En outre, de même que chez les Anciens, les offrandes et les vœux aux dieux et aux idoles n’éteignaient jamais la dette de ceux qui les faisaient, aujourd’hui, plus on donne de son temps et de sa vie aux entreprises, plus elles nous en demandent, jusqu’au jour où n’avons plus aucune offrande à leur présenter ; nos managers s’empresseront alors de nous proposer « gratuitement » le bon coach qui nous aidera à nous relever pour nous rendre de nouveau à l’autel et offrir d’autres sacrifices. L’idole ne se sacrifie pas mais peut seulement recevoir les sacrifices de ses fidèles. De plus en plus, les dieux invisibles et lointains ont un besoin vital de se nourrir des sacrifices des salariés. Or, ce capitalisme a réussi un coup de maître en enveloppant dans un « contrat » la structure sacrificielle du « marché du travail ». En réalité, ce que ces dieux nous demandent, c’est un sacrifice, qu’ils présentent cependant comme un contrat libre pour mieux dissimuler sa vraie nature. En versant de l’argent, les entreprises se détachent totalement de leurs fidèles et se montrent ingrates envers eux. Le jour où les opportunités de marché et de profit ne sont plus les mêmes, loin de se sentir redevables pour les nombreux sacrifices reçus, elles se tournent vers les paradis fiscaux ; dans la meilleure des hypothèses, avec quelques milliers d’euros elles remboursent le sacrifice d’une vie, de la vie. Dans les cultes anciens, le sacrifice devait être vivant : on offrait aux dieux des animaux, des enfants ou des vierges, plus rarement des plantes (libations) et jamais des objets. Les nouveaux dieux, quant à eux, continuent de demander des vies et prétendent nous les rendre en argent.

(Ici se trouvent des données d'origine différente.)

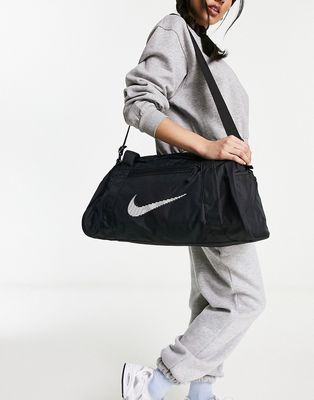 Nike Gym Club bag in black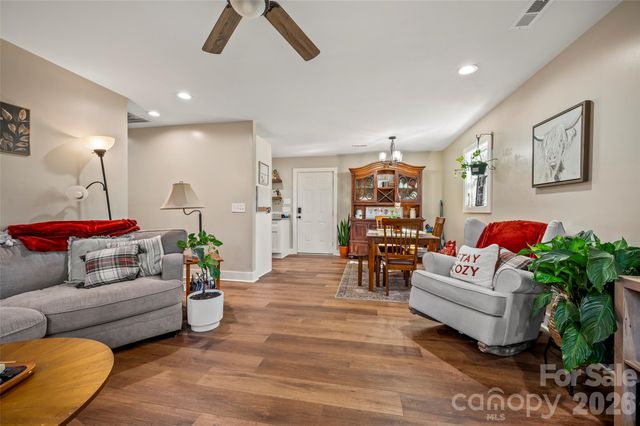 180 Nanhart Court, Rutherfordton, NC 28139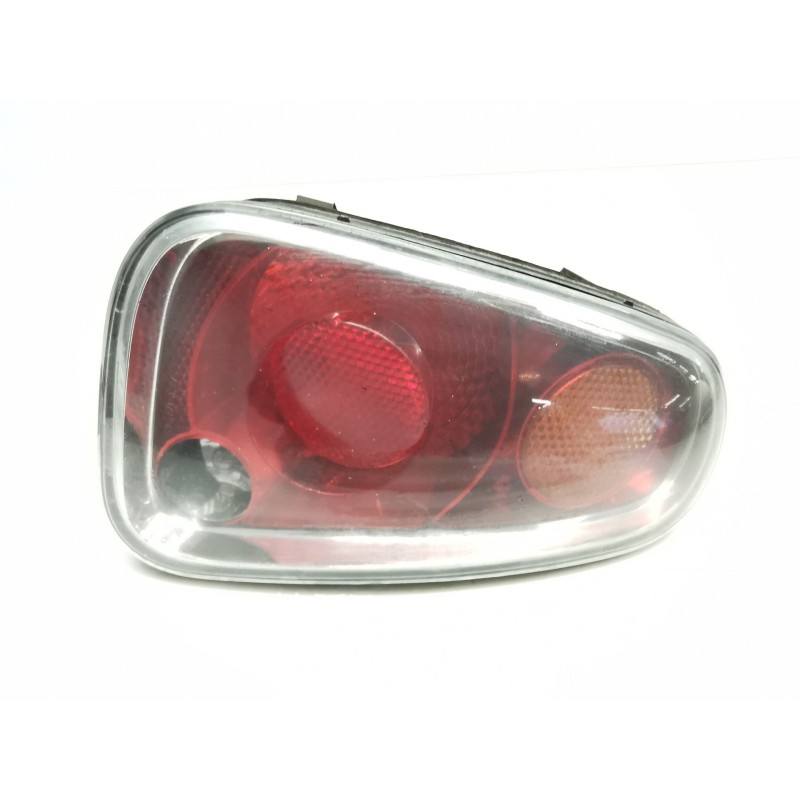 Piloto traseiro esquerdo Mini Mini (R50, R53) | Desguace Becerril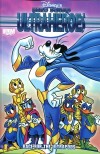 DISNEYS HERO SQUAD #8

La nature sacrificielle de ce capitalisme ne constitue pas une caractéristique morale des personnes, mais concerne le système dans son ensemble. Ses premières victimes sont les chefs d’entreprise et managers eux-mêmes, qui sont à la fois grands prêtres et objets de sacrifice.

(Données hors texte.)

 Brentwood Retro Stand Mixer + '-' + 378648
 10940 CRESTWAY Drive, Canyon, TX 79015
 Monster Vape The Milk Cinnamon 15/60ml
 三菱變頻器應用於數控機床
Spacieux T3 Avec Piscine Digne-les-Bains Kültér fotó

Le développement rapide de cette nouvelle idolâtrie qui migre peu à peu de l’économie vers la société civile, l’école et la santé, est le sombre scénario qui se profile à l’horizon de notre civilisation. Elle ne rencontre aucune résistance sur son chemin car elle recourt à des symboles religieux que notre culture n’est plus en mesure de saisir faute de critères de jugement. Qui veut comprendre et même diriger l’économie et le monde aujourd’hui, doit étudier davantage la philosophie et l’anthropologie que la finance.